DATA SECTION:
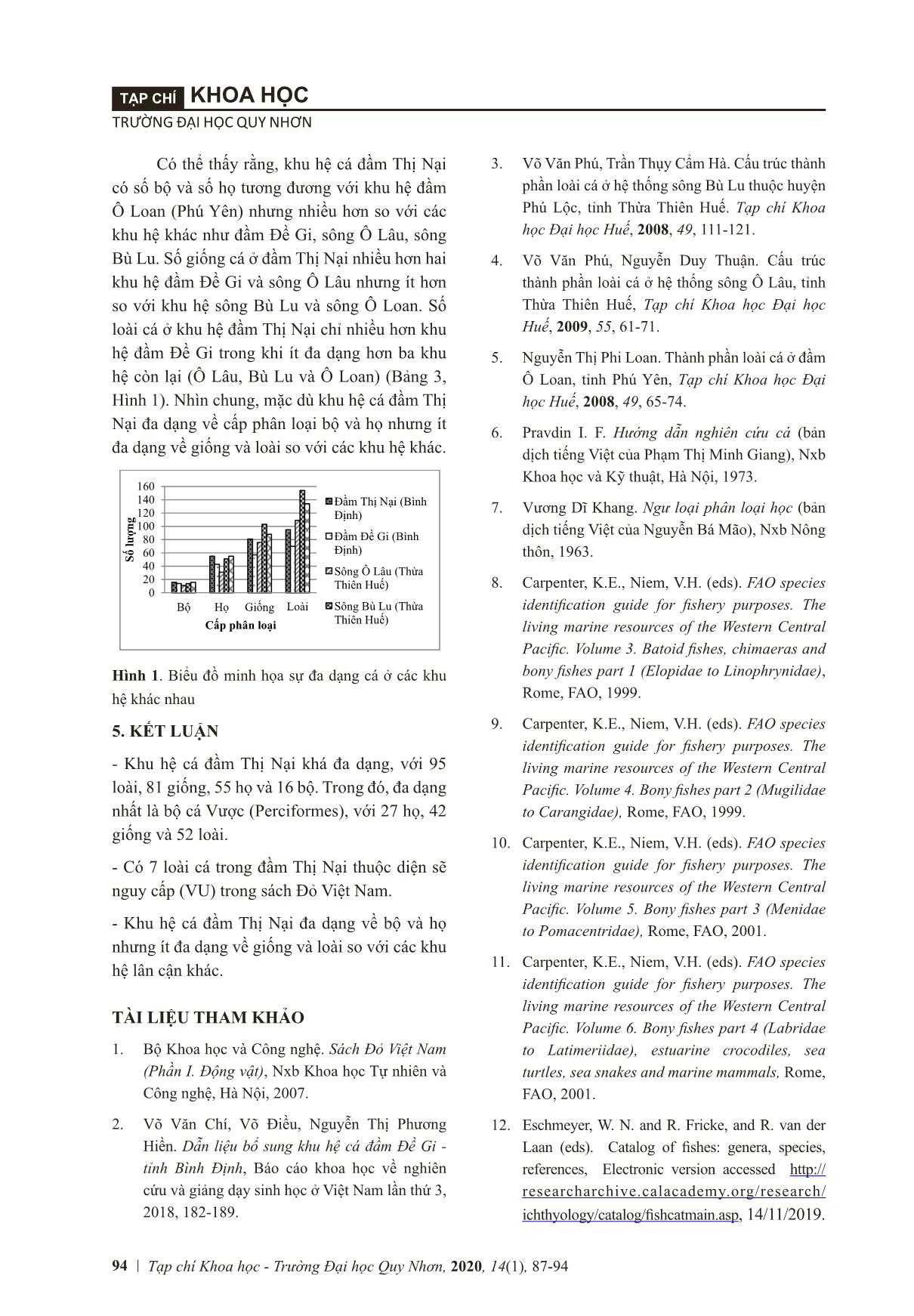 The fish species composition diversity in Thi Nai lagoon, Binh Dinh province trang 8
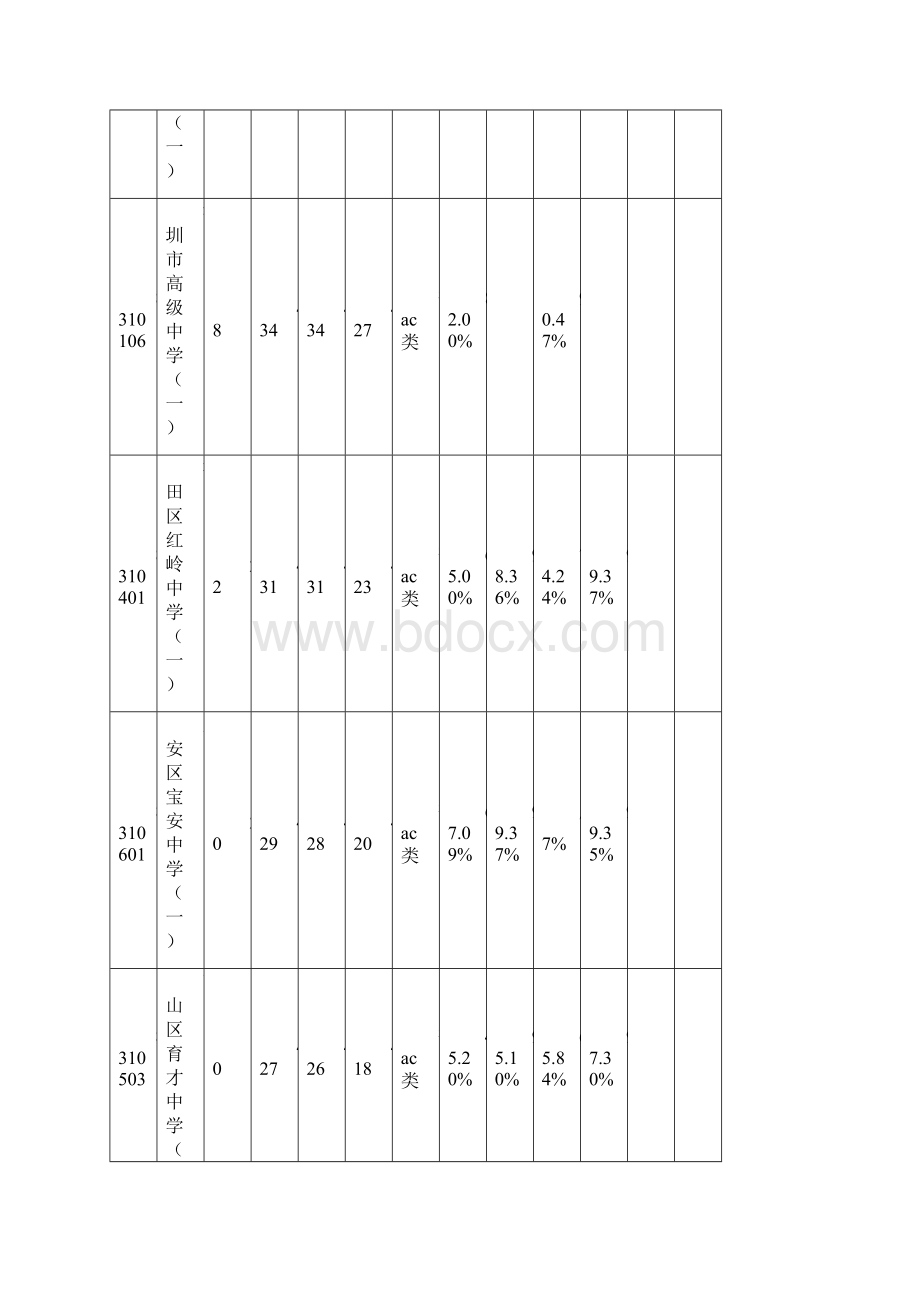 深圳录取分数线详细版.docx_第2页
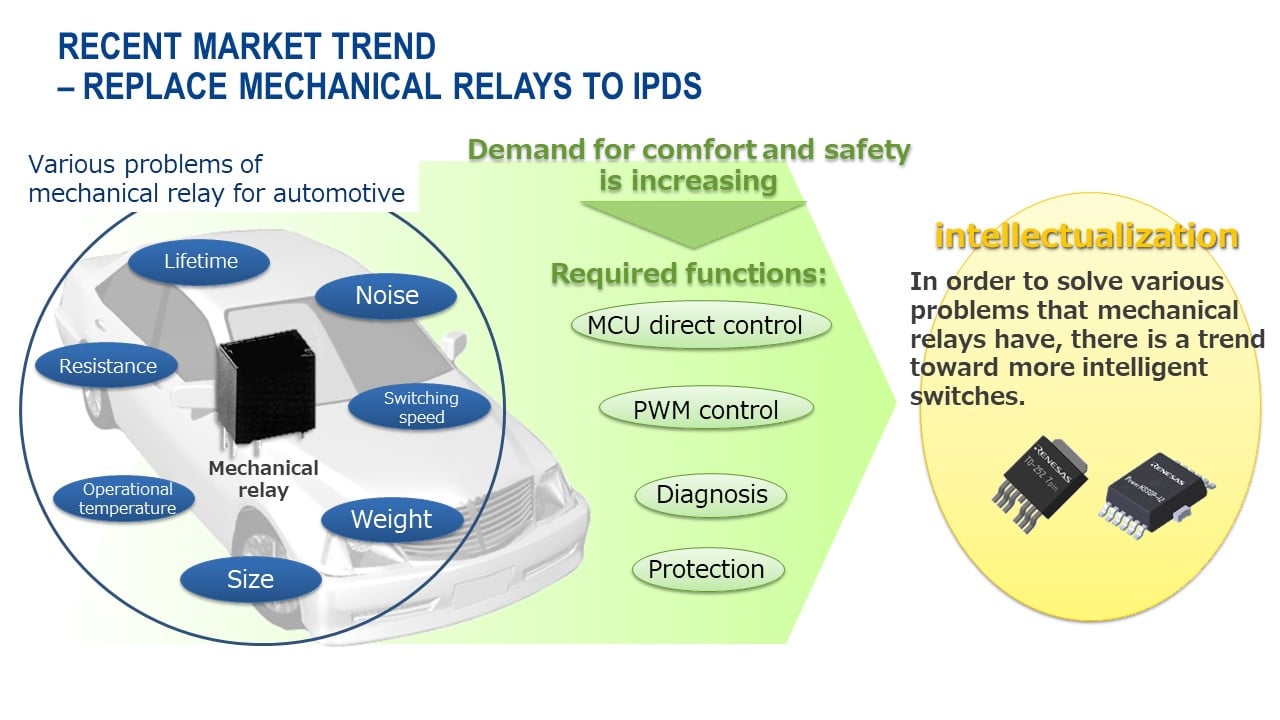 IPD_Blog_Fig_EN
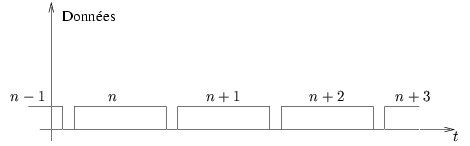 9362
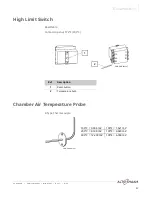 Preview for 51 page of Alto-Shaam Converge CMC-H2H Service Manual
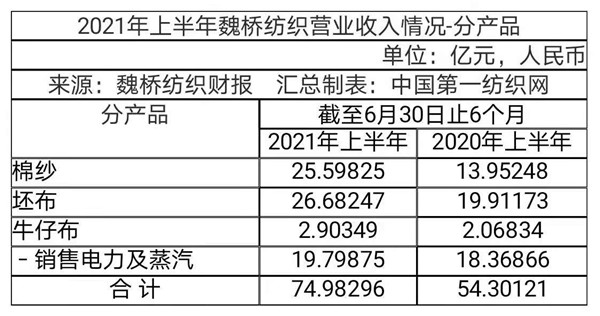 魏桥纺织最新利润,魏桥纺织市值多少亿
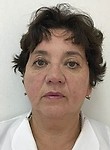 Шилова Алла Анатольевна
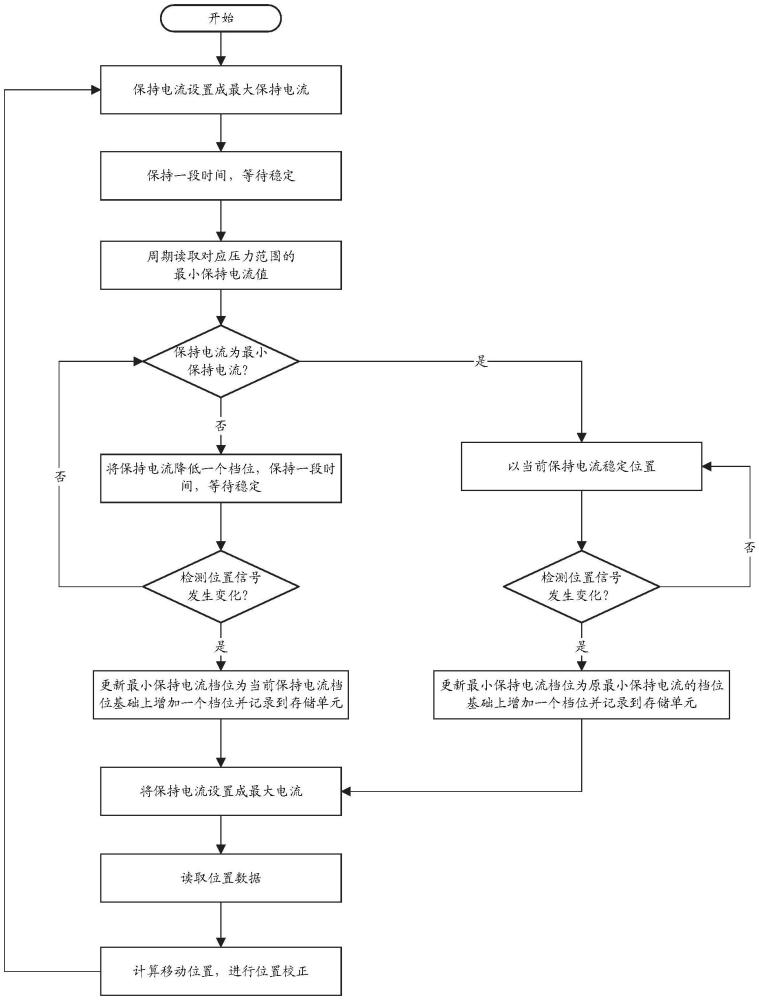 保持電子膨脹閥固定位置的節能控制方法、系統、裝置、處理器及其計算機可讀存儲介質與流程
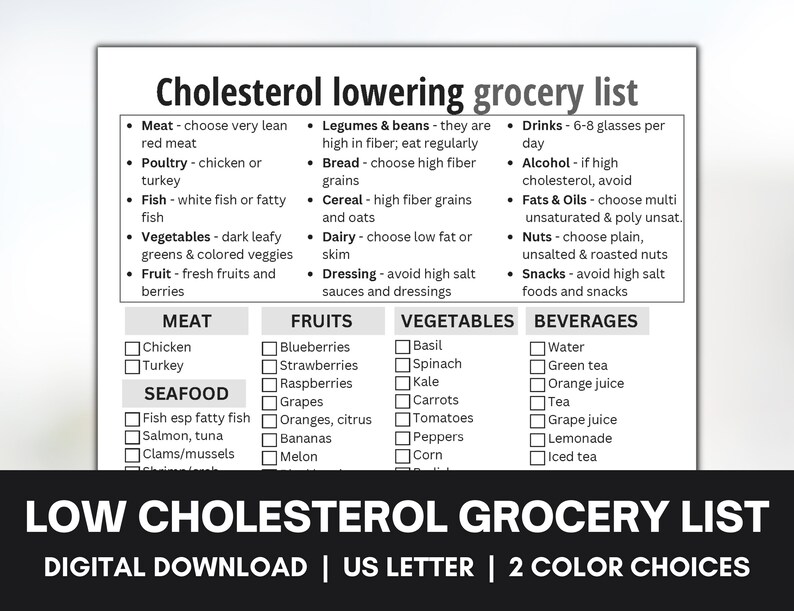 Lower Cholesterol Grocery List Cholesterol Meal Instant Download Etsy
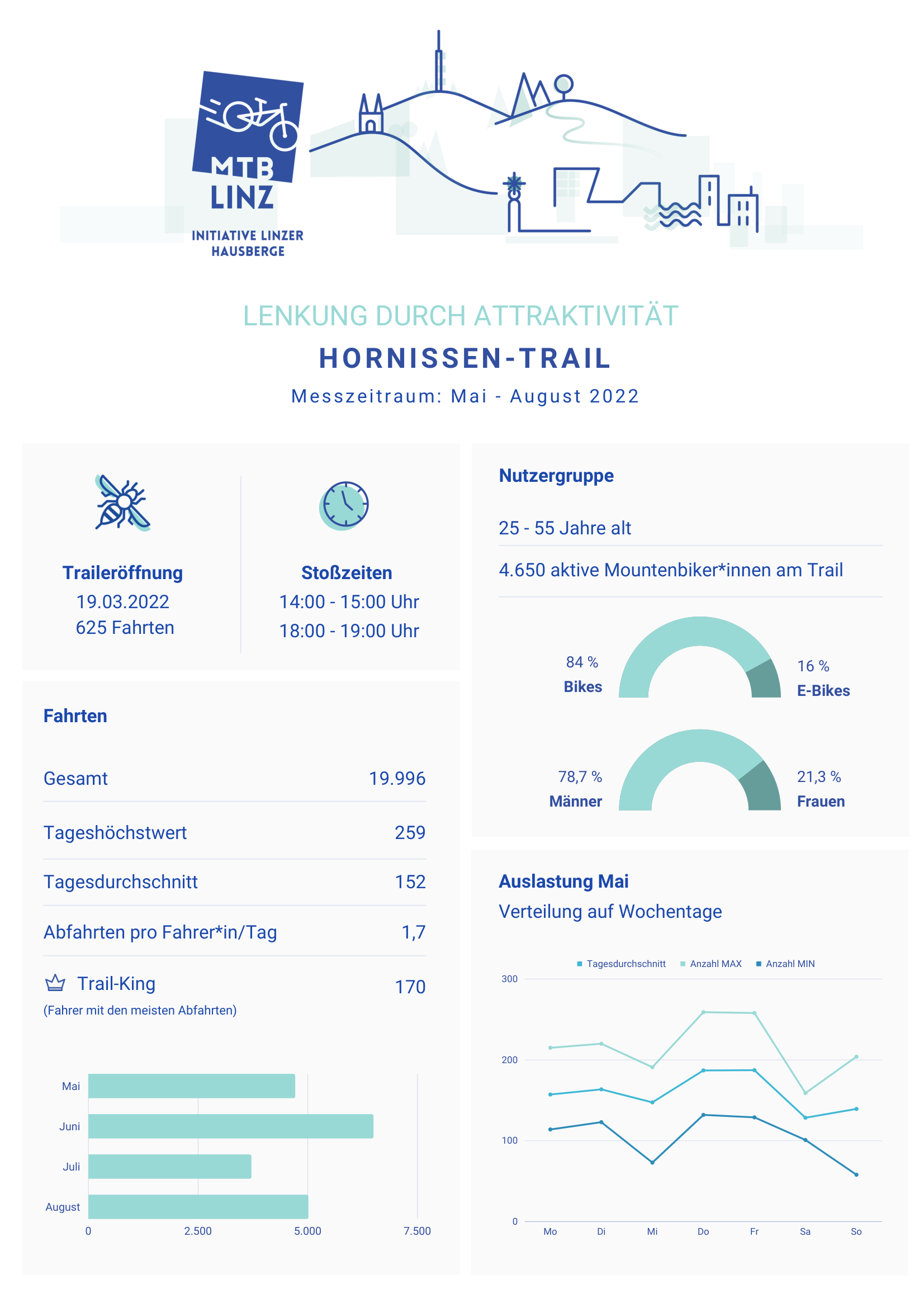 MTB-Linz Fact Sheet Page 1: Hornissen Trail usage data – 19,996 rides, 4,650 active riders, 152 rides/day average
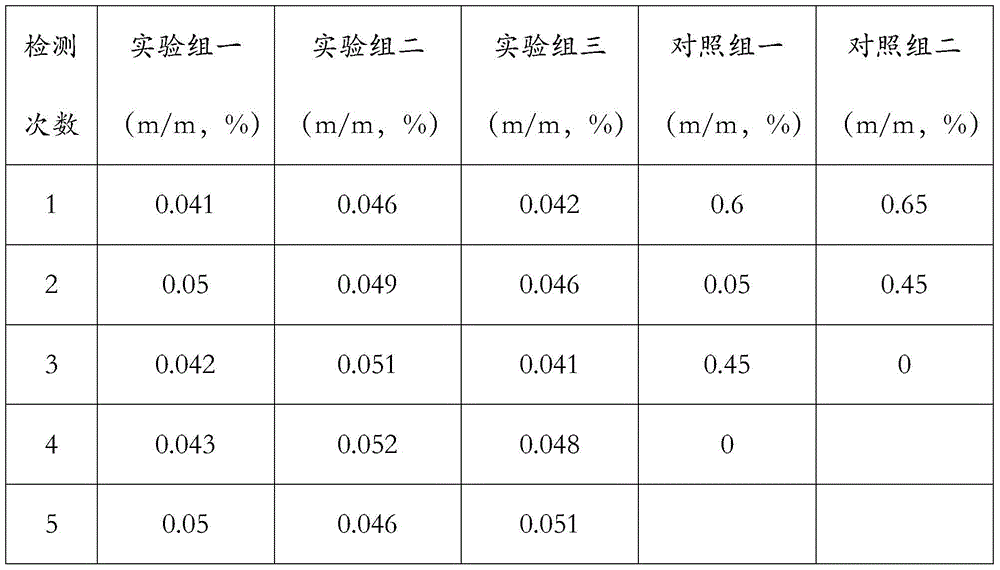 Clothianidin sustained-release granule and preparation method thereof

WHAT YOU HAVE TO DO: Repeat exactly the lines above, starting at the one that contains "Шилова Алла Анатольевна" and stopping at the last line of the entries, and leave out the pictures.

TASK RESPONSE:
 Шилова Алла Анатольевна
 保持電子膨脹閥固定位置的節能控制方法、系統、裝置、處理器及其計算機可讀存儲介質與流程
 Lower Cholesterol Grocery List Cholesterol Meal Instant Download Etsy
 MTB-Linz Fact Sheet Page 1: Hornissen Trail usage data – 19,996 rides, 4,650 active riders, 152 rides/day average
 Clothianidin sustained-release granule and preparation method thereof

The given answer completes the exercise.